# TASK INSTRUCTIONS
From the first line to the last, please print the entries exactly, omitting pictures.
────────────────────────────────────────
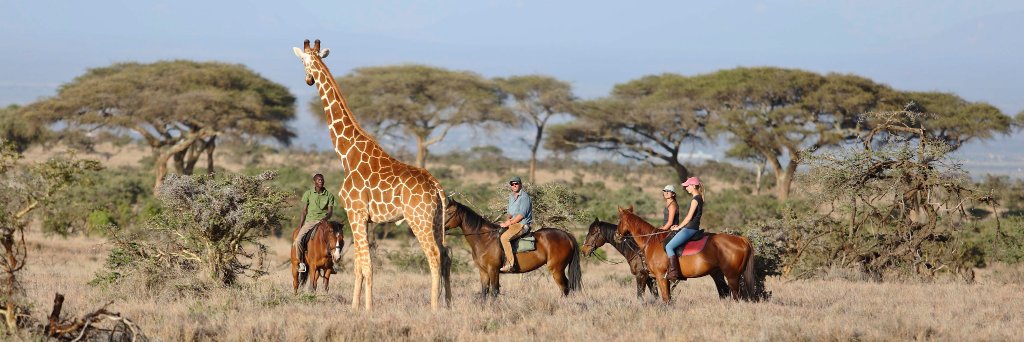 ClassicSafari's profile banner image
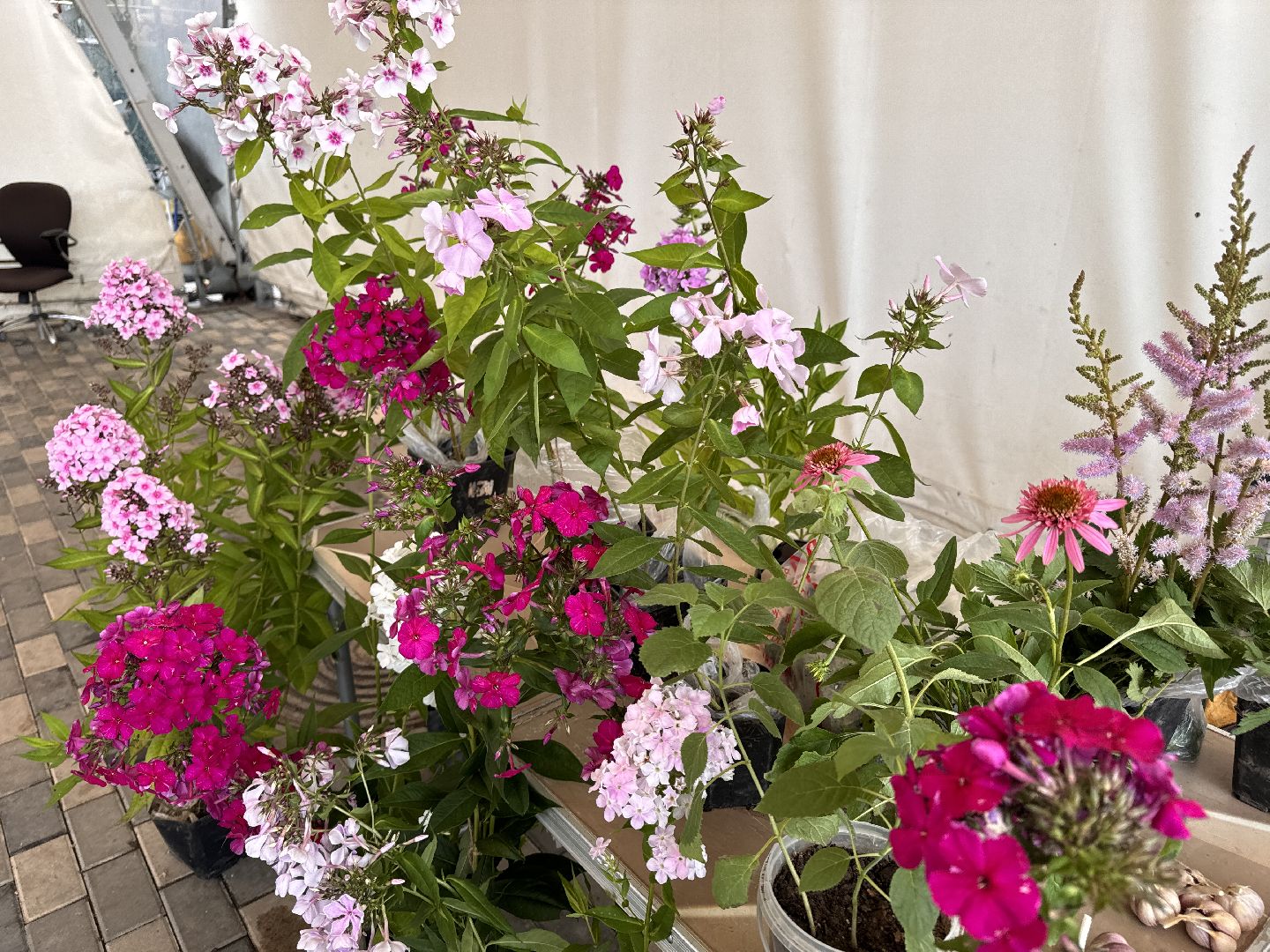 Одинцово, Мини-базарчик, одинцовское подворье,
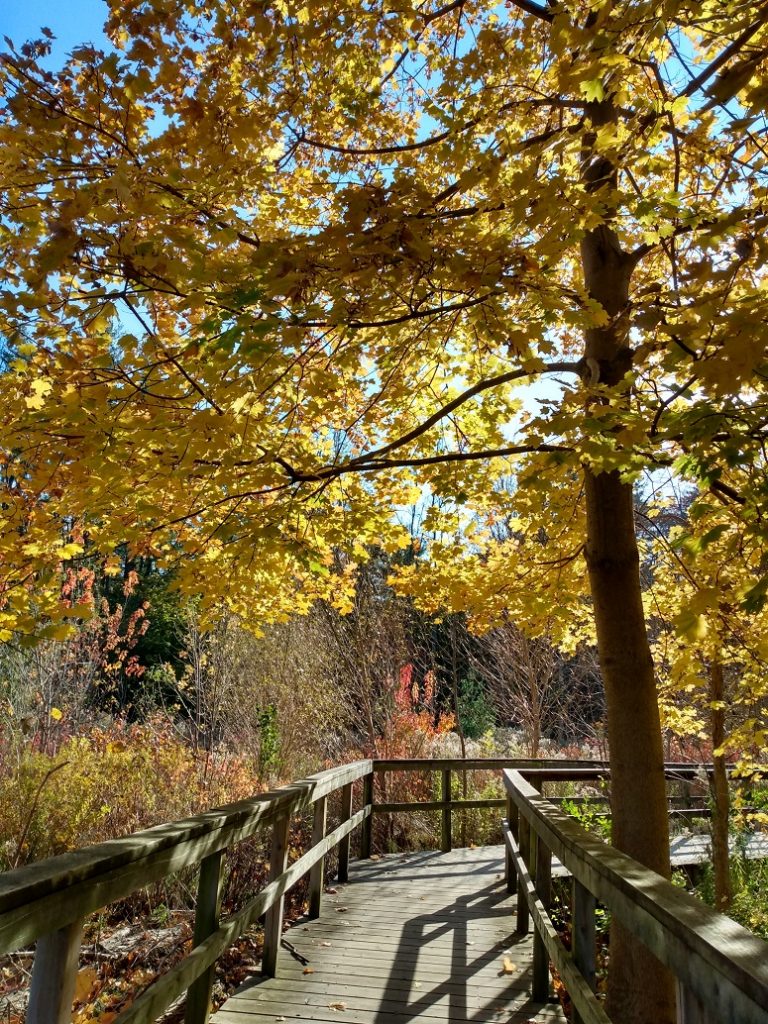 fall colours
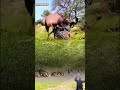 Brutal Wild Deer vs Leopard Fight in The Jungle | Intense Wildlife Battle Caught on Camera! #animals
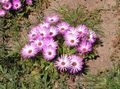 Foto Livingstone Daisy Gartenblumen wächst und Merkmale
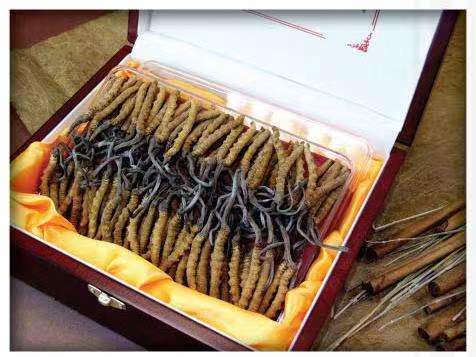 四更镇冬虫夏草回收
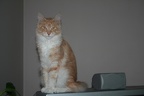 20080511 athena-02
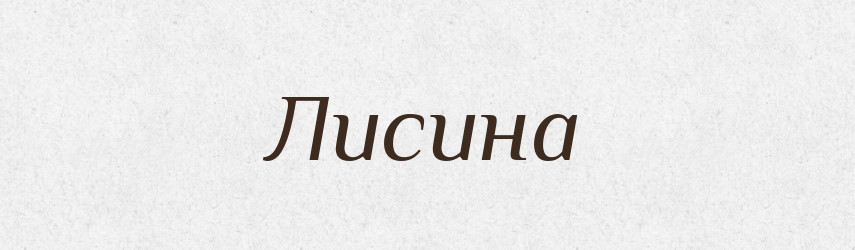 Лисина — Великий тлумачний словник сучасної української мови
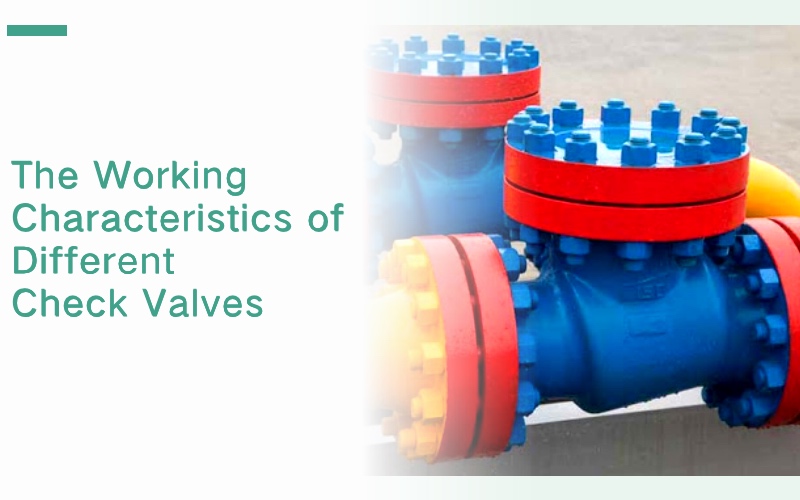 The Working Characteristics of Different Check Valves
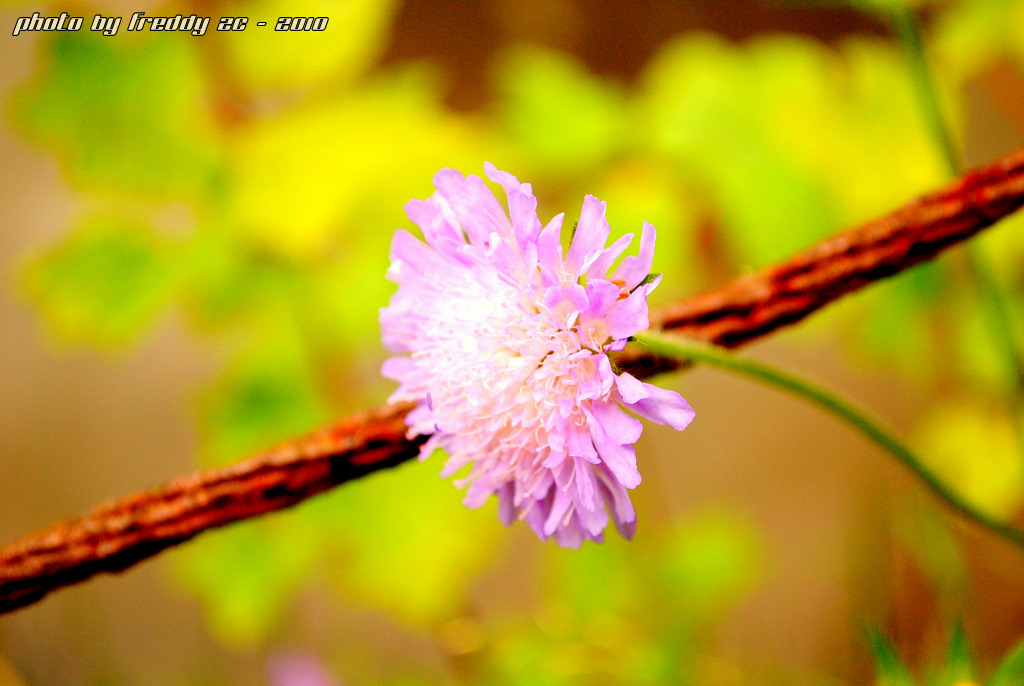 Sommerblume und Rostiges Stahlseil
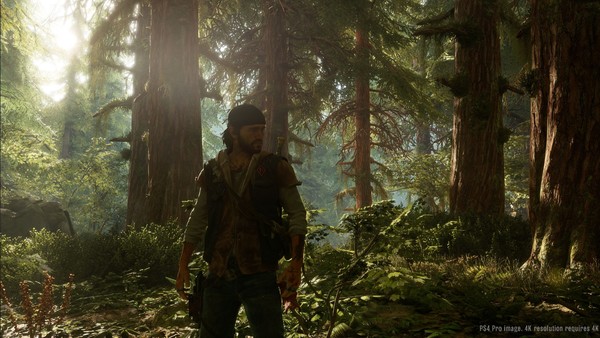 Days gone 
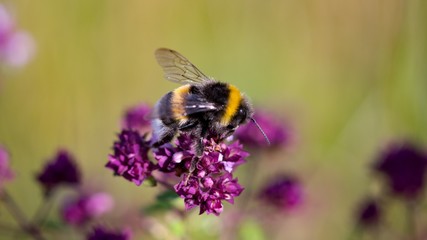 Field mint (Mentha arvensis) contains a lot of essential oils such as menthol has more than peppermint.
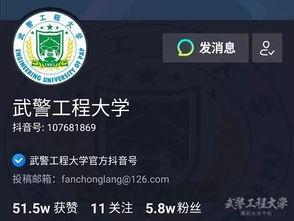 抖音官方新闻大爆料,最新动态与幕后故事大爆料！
────────────────────────────────────────
# TASK RESPONSE
 ClassicSafari's profile banner image
 Одинцово, Мини-базарчик, одинцовское подворье,
 fall colours
 Brutal Wild Deer vs Leopard Fight in The Jungle | Intense Wildlife Battle Caught on Camera! #animals
 Foto Livingstone Daisy Gartenblumen wächst und Merkmale
 四更镇冬虫夏草回收
 20080511 athena-02
 Лисина — Великий тлумачний словник сучасної української мови
 The Working Characteristics of Different Check Valves
 Sommerblume und Rostiges Stahlseil
 Days gone 
 Field mint (Mentha arvensis) contains a lot of essential oils such as menthol has more than peppermint.
 抖音官方新闻大爆料,最新动态与幕后故事大爆料！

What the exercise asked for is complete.